This thesis contributes to the theory and methodology of robust estimation for two time series models: the generalized autoregressive conditional heteroscedasticity (GARCH) model and the vector autoregressive moving-average (VARMA) model.

More specifically, the first part (Chapter 3) of this thesis considers a class of M-estimators of the parameters of the GARCH models which are asymptotically normal under mild assumptions on the moments of the underlying error distribution. Since heavy-tailed error distributions without higher order moments are common in the GARCH modeling of many real financial data, it becomes worthwhile to use such estimators for the time series inference instead of the quasi maximum likelihood estimator. We discuss the weighted bootstrap approximations of the distributions of M-estimators. Through extensive simulations and data analysis, we demonstrate the robustness of the M-estimators under heavy-tailed error distributions and the accuracy of the bootstrap approximation. In addition to the GARCH(1, 1) model, we obtain extensive computation and simulation results which are useful in the context of higher order models such as GARCH(2, 1) and GARCH(1, 2) but have not yet received sufficient attention in the literature. We use M-estimators for the analysis of three real financial time series fitted with GARCH(1, 1) or GARCH(2, 1) models.

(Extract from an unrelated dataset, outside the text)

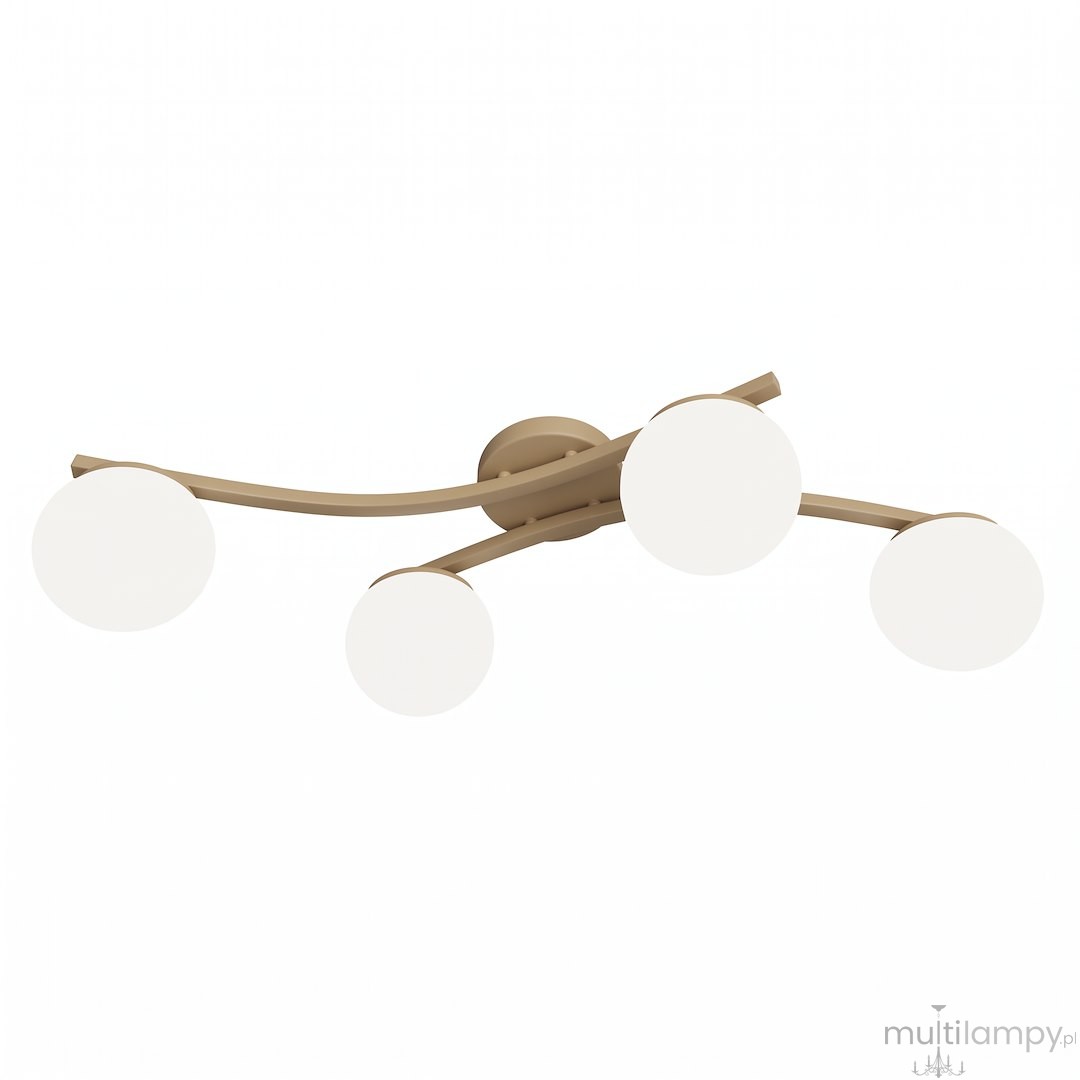 Opus lampa sufitowa 4xE14 mokka/biały 1782/4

In the second part (Chapter 4) of this thesis, we propose a novel class of estimators of the GARCH parameters based on ranks, called R-estimators, with the property that they are asymptotic normal under the existence of a more than second moment of the errors
and are highly efficient. We also consider the weighted bootstrap approximation of the finite sample distributions of the R-estimators. We propose fast algorithms for computing the R-estimators and their bootstrap replicates. Both real data analysis and simulations show the superior performance of the proposed estimators under the normal and heavy-tailed distributions. Our extensive simulations also reveal excellent coverage rates of the weighted bootstrap approximations. In addition, we discuss empirical and simulation results of the R-estimators for the higher order GARCH models such as the GARCH($2, 1$) and asymmetric models such as the GJR model.

In the third part (Chapter 5 and Chapter 6) of this thesis, we propose a new class of R-estimators for semiparametric VARMA models in which the innovation density plays the role of the nuisance parameter. Our estimators are based on the novel concepts of multivariate center-outward ranks and signs. We show that these concepts, combined with Le Cam's asymptotic theory of statistical experiments, yield a class of semiparametric estimation procedures, which are efficient (at a given reference density), root-$n$ consistent, and asymptotically normal under a broad class of (possibly non elliptical) actual innovation densities. No kernel density estimation is required to implement our procedures. A Monte Carlo comparative study of our R-estimators and other routinely-applied competitors demonstrates the benefits of the novel methodology, in large and small sample.